New York,  Humanitarian work is an important element of India’s diplomacy, although it is often overshadowed by its strategic and defence aspects, according to India’s Ambassador Harsh Vardhan Shringla.

Humanitarian assistance plays an important role in India’s diplomatic outreach to other countries, he said on Thursday here at a seminar on “India for Humanity”, held as part of the year-long commemoration of Mahatma Gandhi’s 150th birth anniversary.

The seminar was centred on the example of the ‘Jaipur Foot’ in promoting the humanitarian element of Indian diplomacy through a collaboration of the External Affairs Ministry and an NGO behind the prostheses.
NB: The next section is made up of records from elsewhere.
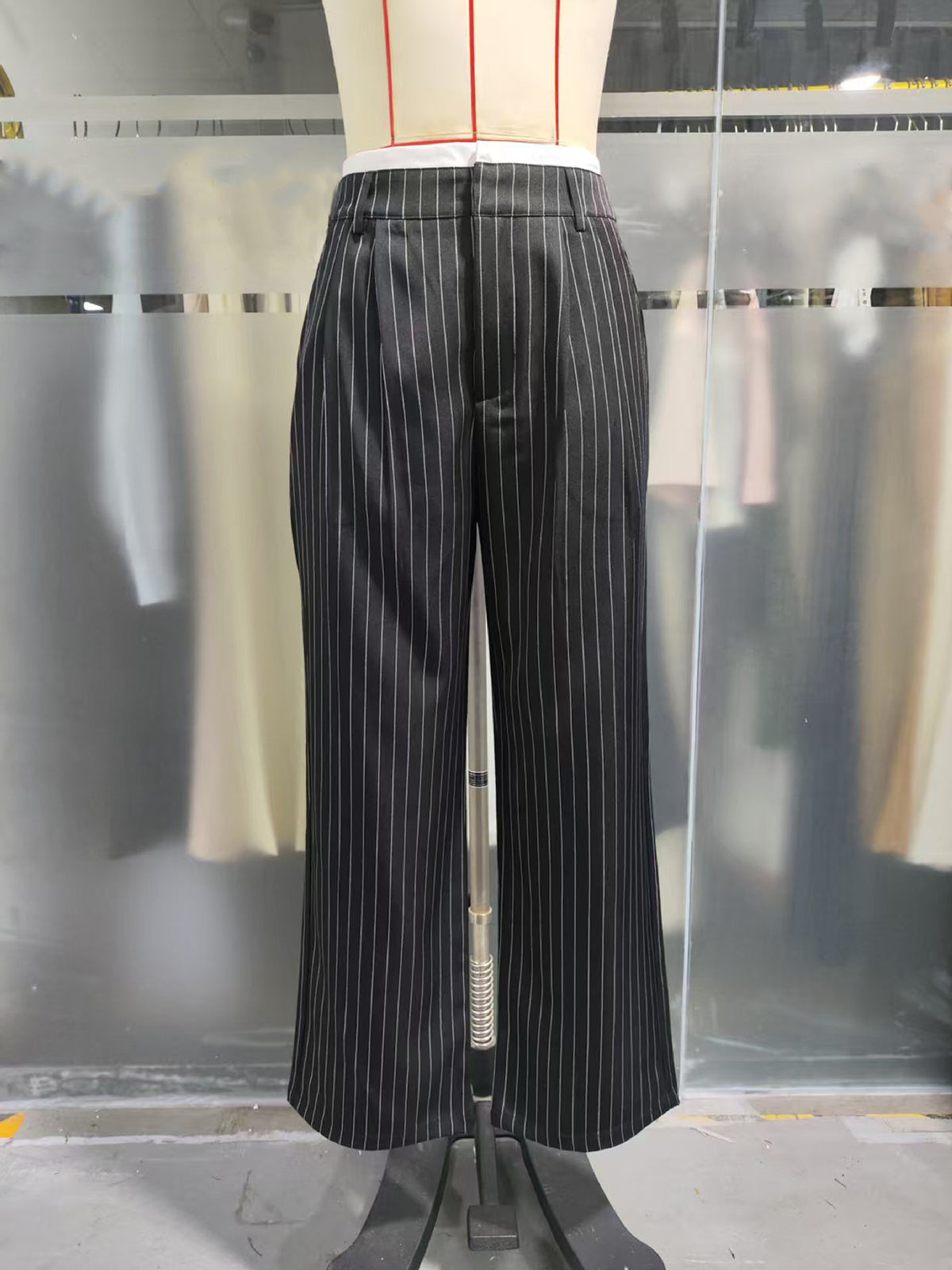 2025 Cross-border Spring and Summer New Women's Trousers Fashion Casual High Waist Stitching Dosing Loose Straight Pants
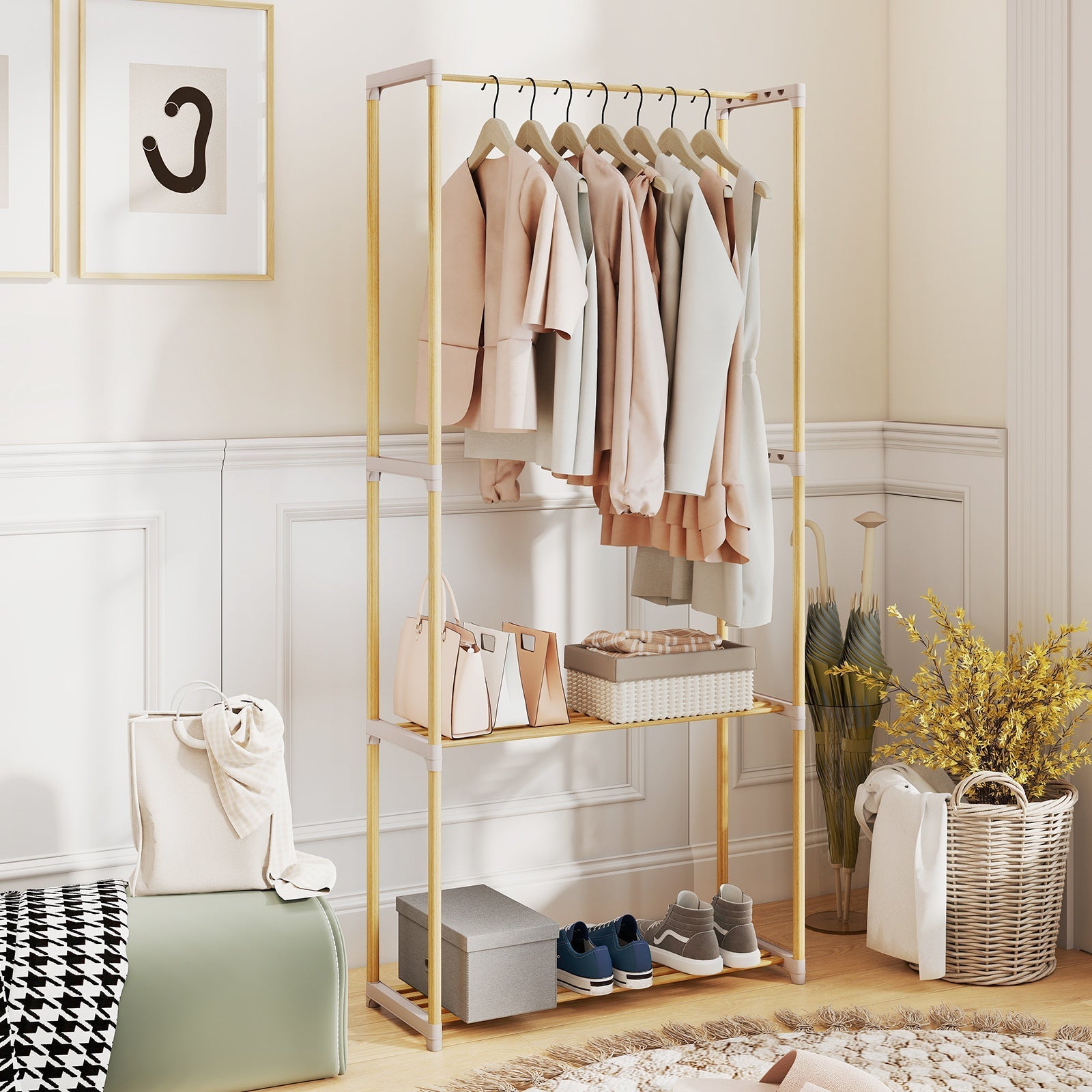 Pine Wood Clothes Rack with 2-Tier Open Storage Shelf for Hanging Clothes-Gray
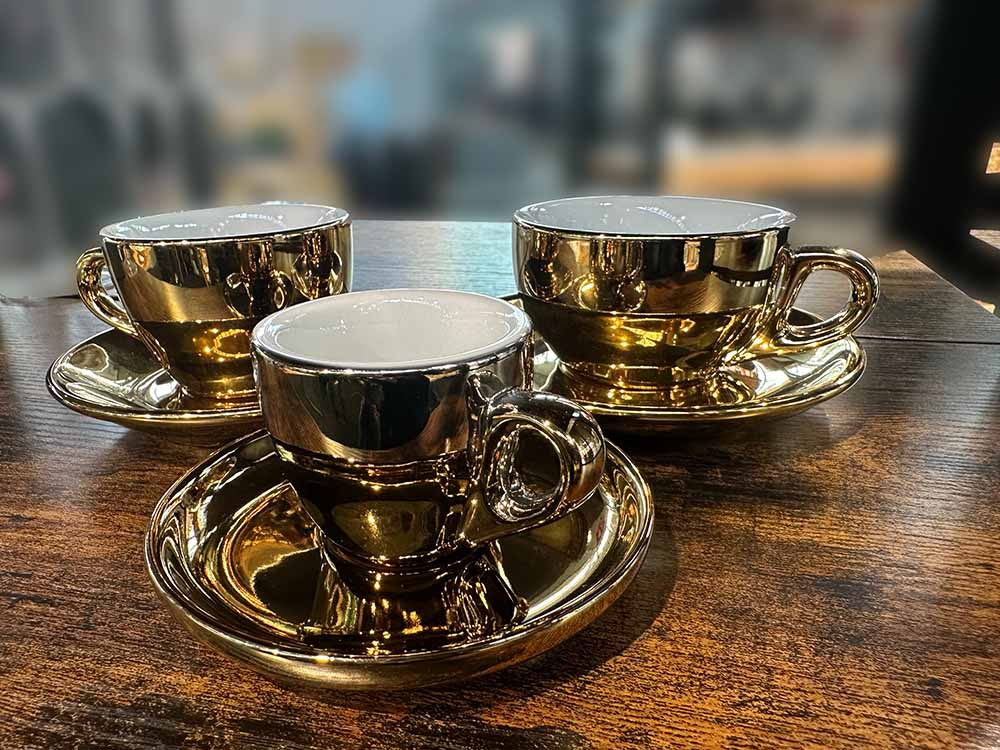Kaffeebecher, APS Porcelain, Modern Coffee GOLD - 340ml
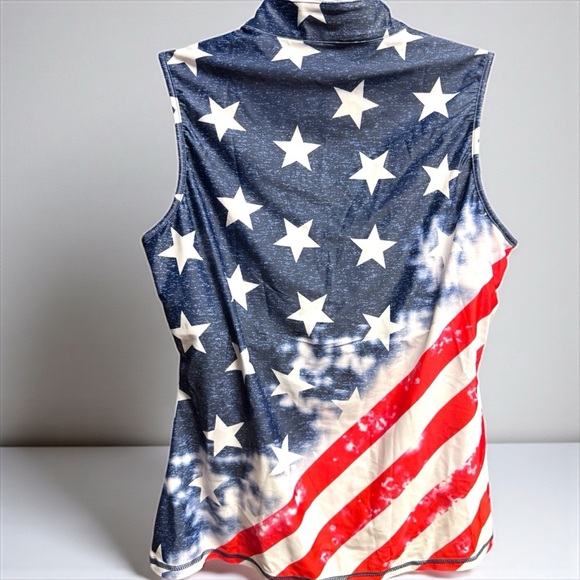 Stars & Stripes Sleeveless Rash Guard Tankini Top w/ Built‑In Bra, Size XL I NWT - Picture 4 of 11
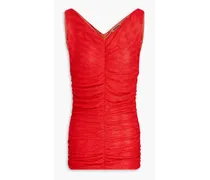 Ruched crochet-knit tank - Red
The Jaipur Foot prostheses, which some have called a “marvel of Gandhian engineering” for their simplicity yet effectiveness, were developed in the Rajasthan state capital by the Bhagwan Mahaveer Viklang Sahayata Samiti, which continues to finance their manufacture and distribution.

“Jaipur Foot extends Gandhi’s message of compassion”, Shringla said referring to the organisaton’s work of providing free prosthetic limbs to victims around the world.

Diplomats from Bangladesh and Malawi acknowledged the Jaipur Foot’s humanitarian work in their countries and elsewhere.

Malawi’s Deputy Permanent Representative to the United Nations, Lot Dzonzi, said that while celebrating Gandhi, “one of the greatest human beings”, it is fitting to recall that “Jaipur Foot is the arm that India extended to my country to touch 500 people”.

It has changed the lives of those who came crawling or stumbling with canes to the camps but walked out straight, he said.

Bangladesh Consul General Sadia Faizunnesa said that the Jaipur Foot organisation is changing the lives of underprivileged people in her country.

India as a neighbour, she said, is also giving her country humanitarian help with the problem of Myanmar refugees.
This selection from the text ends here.